Charles Perry, Food Historian and Co-Founder, Culinary Historians of Southern California speaks at Pacifica Institute’s Luncheon Forum

Charles Perry was born in Los Angeles and developed an interest in Middle Eastern languages when he was in junior high school. He majored in this subject at Princeton University and the University of California, Berkeley, from which he graduated in 1964. There followed a detour into Rock and Roll when he became an editor at Rolling Stone Magazine in 1968, later advancing to staff writer. From 1978 to 1990, he was a freelance food writer. From 1990 to 2008, he was a staff writer for the Los Angeles Times food section.

He is a food historian and co-founder of the Culinary Historians of Southern California. He has made a specialty of studying the food of the Islamic world and has translated four medieval Arabic cookbooks, gathered from libraries in Cairo and Istanbul. One of his translations has been translated into Turkish and will be published in Istanbul next month.

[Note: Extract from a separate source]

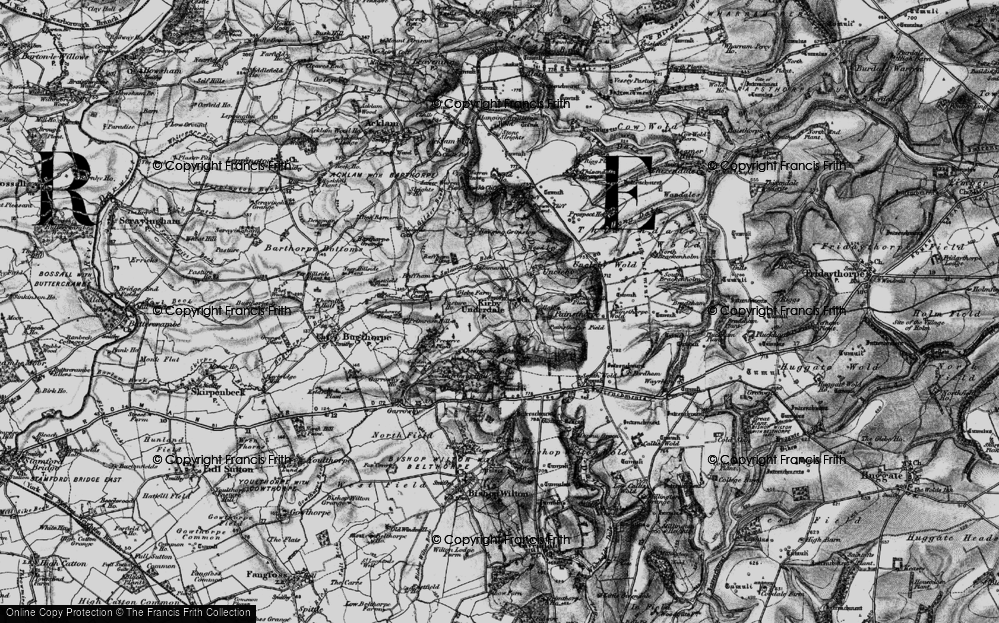 Old Map of Kirby Underdale, 1898 in 1898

Pacifica Institute’s first luncheon forum after the end of Ramazan was on the origins of baklava. This topic attracted great interest across the board and this was illustrated by the colorful attendance of the luncheon forum which included people of Armenian, Greek and Arab heritages. Mr. Perry’s presentation opened the floor for discussion from the attendants and the talk that ensued epitomized the vision of interfaith and intercultural dialogue of Pacifica Institute.

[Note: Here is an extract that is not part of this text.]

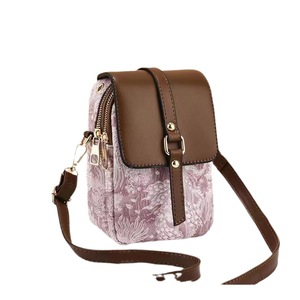 Bolso Bandolera Mini con Triple Cierre para Mujer, Elegante Bolso Vertical para el Hombro, Pequeño Bolso de Viaje, Bolso para Teléfono Celular para el Trabajo - Product Image 5
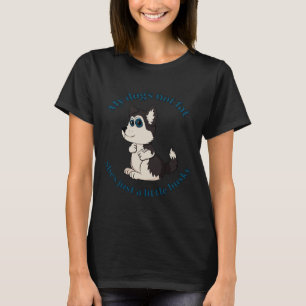 T-shirt Juste Un Petit Husky Blue Eyes Girl Chien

Mr. Charles Perry began his discussion by outlining the origins of the “yufka”, a thinly stretched dough that is the main ingredient in baklava. Mr. Perry said that the origin of the “yufka” is Central Asia. “Yufka” was used by inhabitants of Central Asia to create layered pastries. Greece, in fact the Mediterranean region in general does not have a history of using layered pastries. Layering came from Central Asia and Anatolia. This layering of bread became part of the Turkish repertoire. The orgins of the word “baklava” are also indicative. “Baklava” literally means a bundle or a stack of layers. In Central Asia where baklava originated the initial recipe consisted of just seven layers of yufka and in between those seven layers were six layers of walnuts.

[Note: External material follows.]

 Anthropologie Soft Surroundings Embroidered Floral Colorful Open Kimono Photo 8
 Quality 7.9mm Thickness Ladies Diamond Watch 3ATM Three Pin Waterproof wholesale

In order to lead us to the history of the modern baklava, Mr. Perry took the audience on a trip down the political history Istanbul. Once Constantinople was captured by the Ottoman Turks it was not only renamed Istanbul it was also repopulated with Turks and Greeks, Bulgarians, Germans, Armenians, Syrians and Egyptians. This led to an explosion of tastes in Istanbul. The chefs in the Topkapi Palace in Istanbul were an amalgamation of individuals from all the different Ottoman territories. Now that the borders of the empire were set and the sultans had prime territory like Istanbul under their control they turned their attention to the arts and cuisine. Understandable, thus the Chefs in the Topkapi palace were under pressure to come up with newer and tastier and more delicate recipes. It was at this time that the chefs in the Topkapi Palace reinvented the baklava. They did so by adding butter and decreasing the amount of walnuts used. The walnuts were already sweetened so this baklava recipe did not require any sugary syrup. This baklava was crisp and crunchy; each layer had to be distinguishable from the next.

This sweet became such a sensation that the chefs hosted something known as “baklava halayi” in other words a baklava parade through Istanbul. At the end of of his discussion Mr. Perry reminded the audience that baklava was an urban creation and not an ethnic one. The Topkapi chefs came from all over the Ottoman territories but they created the baklava in Istanbul for the sultans of the Ottoman Empire.